Will your children make mistakes with their financial decisions? Perhaps. Help them avoid costly mistakes by encouraging them to build a relationship with a financial advisor earlier in their own careers, so they can benefit from valuable advice on setting goals for the money they earn. Facilitating an introduction to your own financial advisor early on will help increase their knowledge and understanding about investments and financial planning, and set them up for success.
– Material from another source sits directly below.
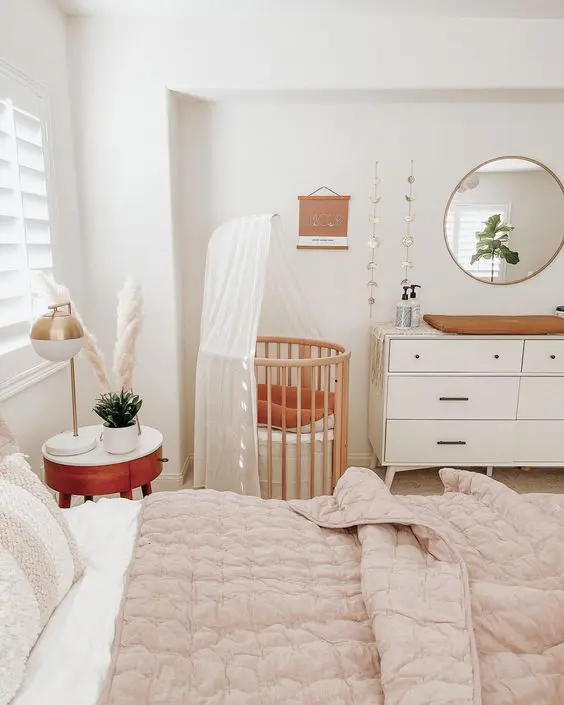 a lovely neutral boho bedroom with a bed and neutral bedding, a nigthstand with decor, a stained crib, a dresser as a changing table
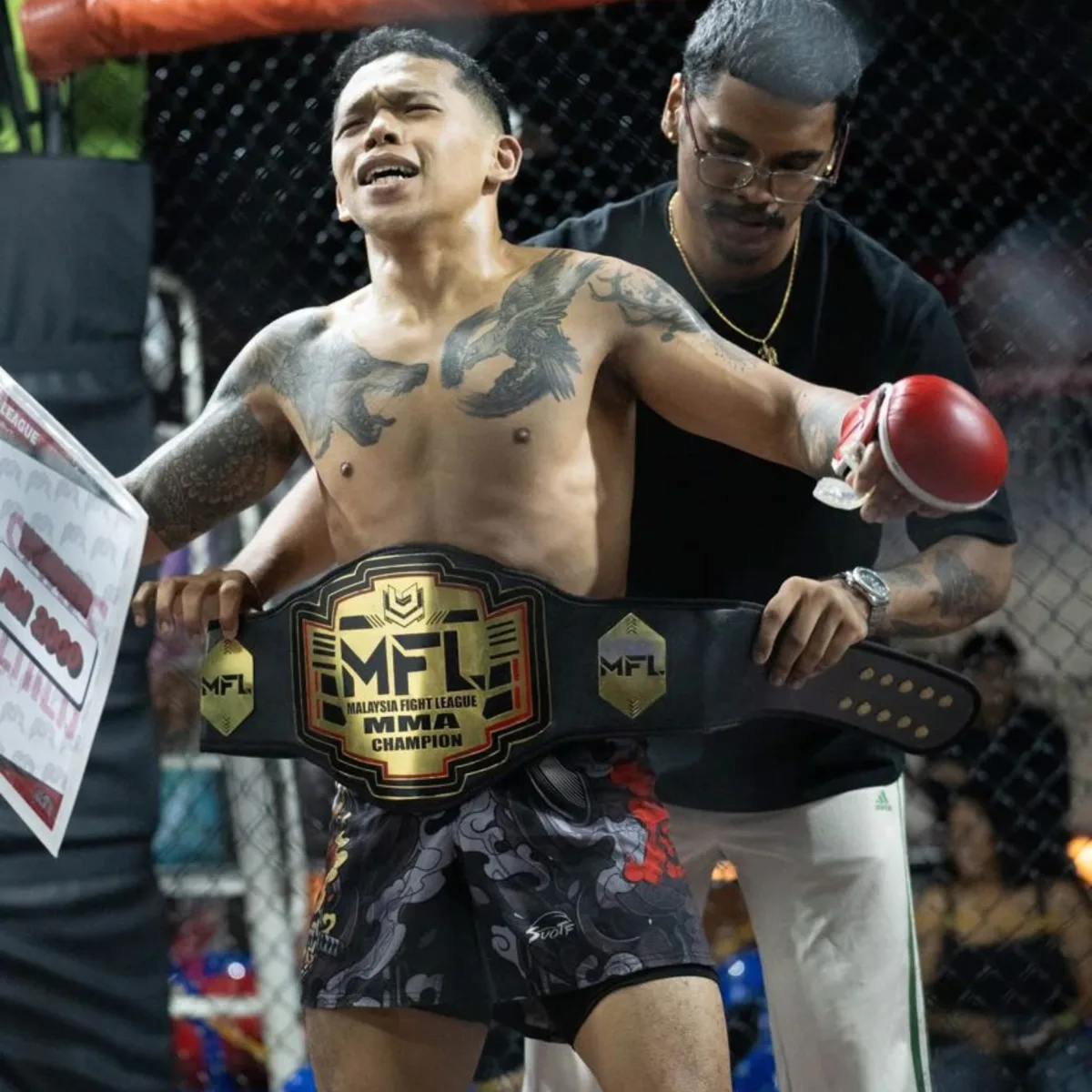 Coach Aiman being strapped with the Malaysia Fight League MMA Champion belt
When It’s Time To Get Serious
Older children who’ve been in the workforce for a few years—and perhaps started families of their own—are ready to learn more about the specifics of your wealth. If appropriate, invite adult children for their input into financial decisions and encourage them to become more involved as they get older. It’s important to take your children’s approaches and strategies into account when creating or revising your estate plan, especially because younger generations have different views on investing. They’re often more interested in environmental, social, and governance (ESG) practices and many want to make responsible investing one of their overriding investment philosophies. In fact, ESG investing is predicted to reach $1 trillion annually by 2030. About one-third of millennials already make investments based on ESG factors, as compared to 2% of baby boomers, 16% of Gen X, and 19% of Gen Z.
Setting up a meeting with your children and your financial advisor or estate planning attorney offers an effective way to begin those conversations. It often helps to discuss your approach with your financial advisor and attorney in advance of the meeting. Not everyone is adept at discussing Transgenerational Wealth™ issues and if handled poorly, the conversation could backfire. At TAG, we’ve been having these difficult conversations with our clients and their families for years and have honed successful strategies to ensure smooth outcomes.
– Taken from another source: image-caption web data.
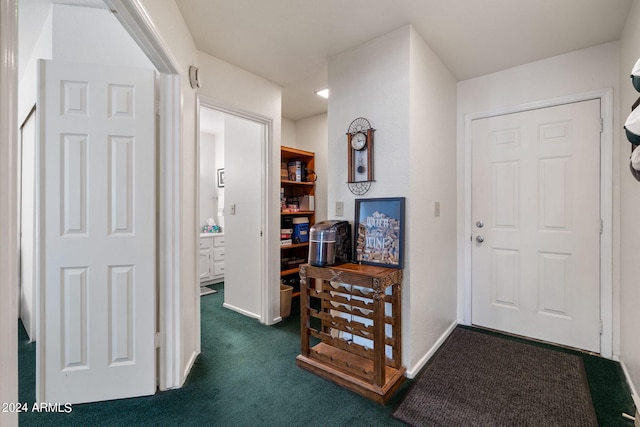 hallway with dark colored carpet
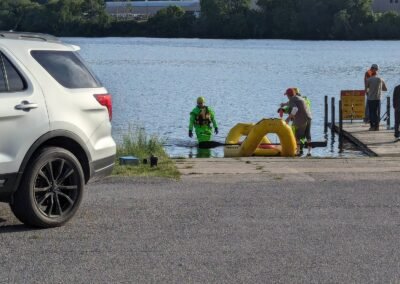 Members launch the inflatable rescue craft from a boat ramp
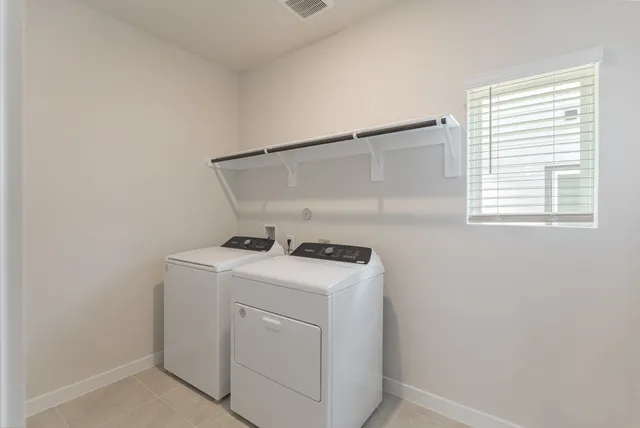 a view of an empty room and a window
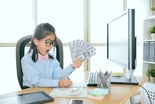 Child at desk with lots of cash -- GettyImages-847213554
Let TAG Help With the Difficult Conversations
Whether it’s about a prenuptial agreement, an inheritance, or other estate planning strategies, society has conditioned us to think that talking openly about money is taboo. Too often we shy away from discussing wealth because we feel embarrassed or guilty—or we’ve been conditioned to keep mum about finances, even within our own families. Avoiding these discussions means we’re not living up to our parental responsibility to educate and prepare. We recommend having regular conversations about the challenges, obligations, and responsibilities that accompany wealth—how you built it, what you learned from building it, why you value it, what you hope to accomplish with it, and what will happen to it after you’re gone.
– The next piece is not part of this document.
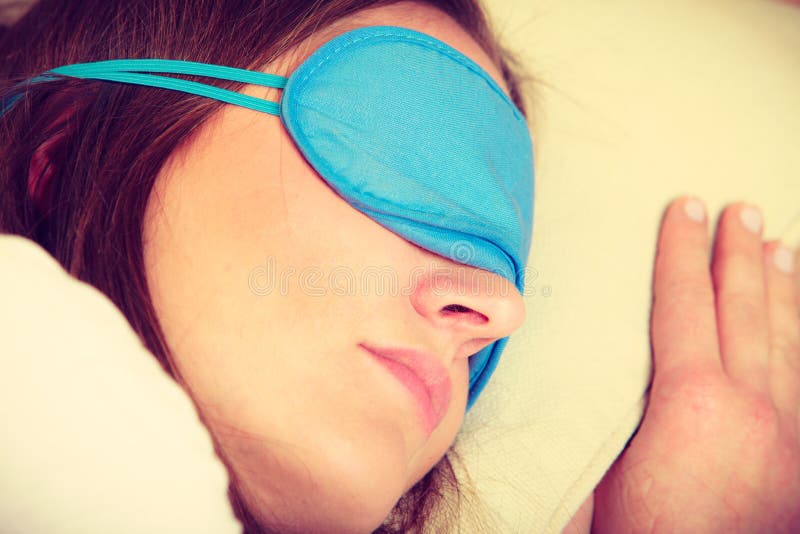 Brunette woman sleeping in blue eye sleep mask royalty free stock image Brunette woman sleeping in blue eye sleep mask royalty free stock image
At TAG, we have deep expertise in Transgenerational Wealth™ management and often participate with our clients in these types of family discussions. If family dynamics dictate a more hands-off approach by parents, we have also conducted these conversations with family members on behalf of our clients, bringing their wishes and perspectives to the table in an objective manner. Either way, having your trusted advisor by your side can remove some of the stress and pressure around difficult conversations.
The information provided in this article is not written or intended as tax or legal advice, and it may not be relied on for purpose of avoiding any federal tax penalties. Individuals are encouraged to seek advice for the own tax and legal counsel.